Problem requirements: Copy the listing below letter for letter, passing over each picture.

Dataset excerpt:
========================================================================
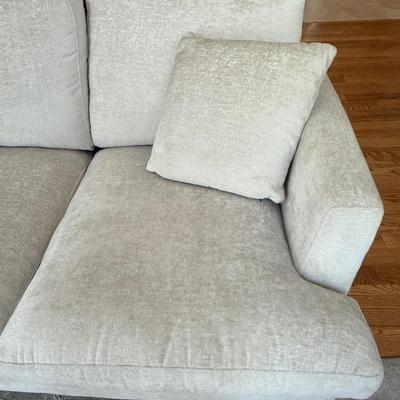 Cream chenille sofa, like new!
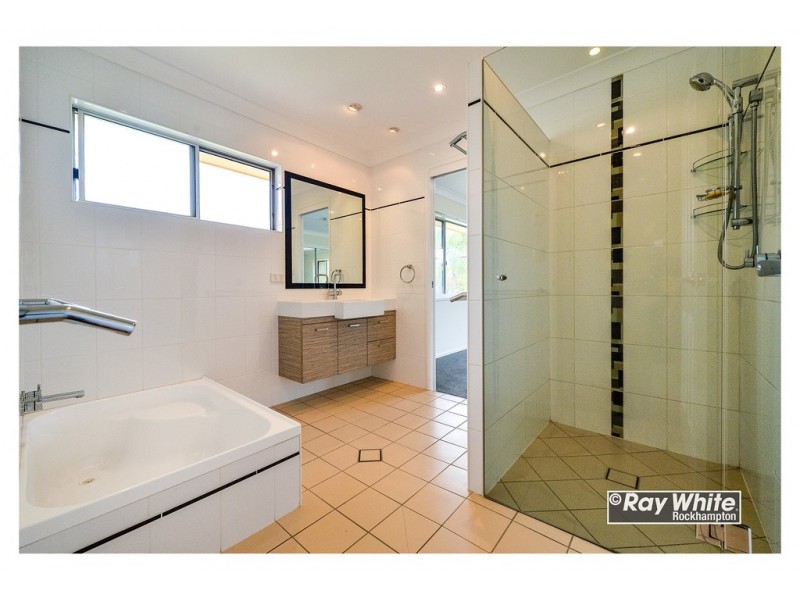 34 Scott Street, Kawana QLD 4701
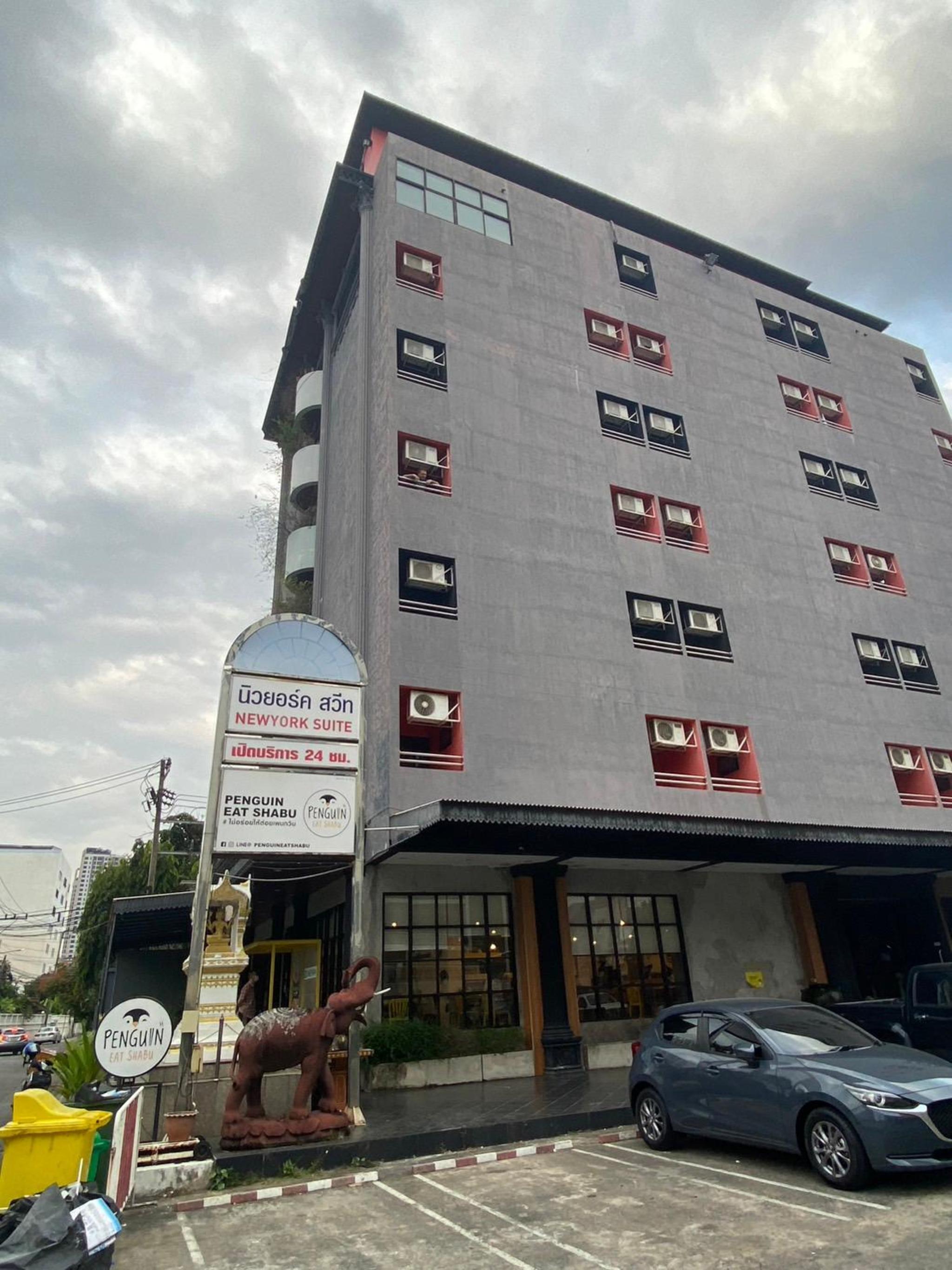 NewYork Suite Hotel 1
========================================================================
Response area:
 Cream chenille sofa, like new!
 34 Scott Street, Kawana QLD 4701
 NewYork Suite Hotel 1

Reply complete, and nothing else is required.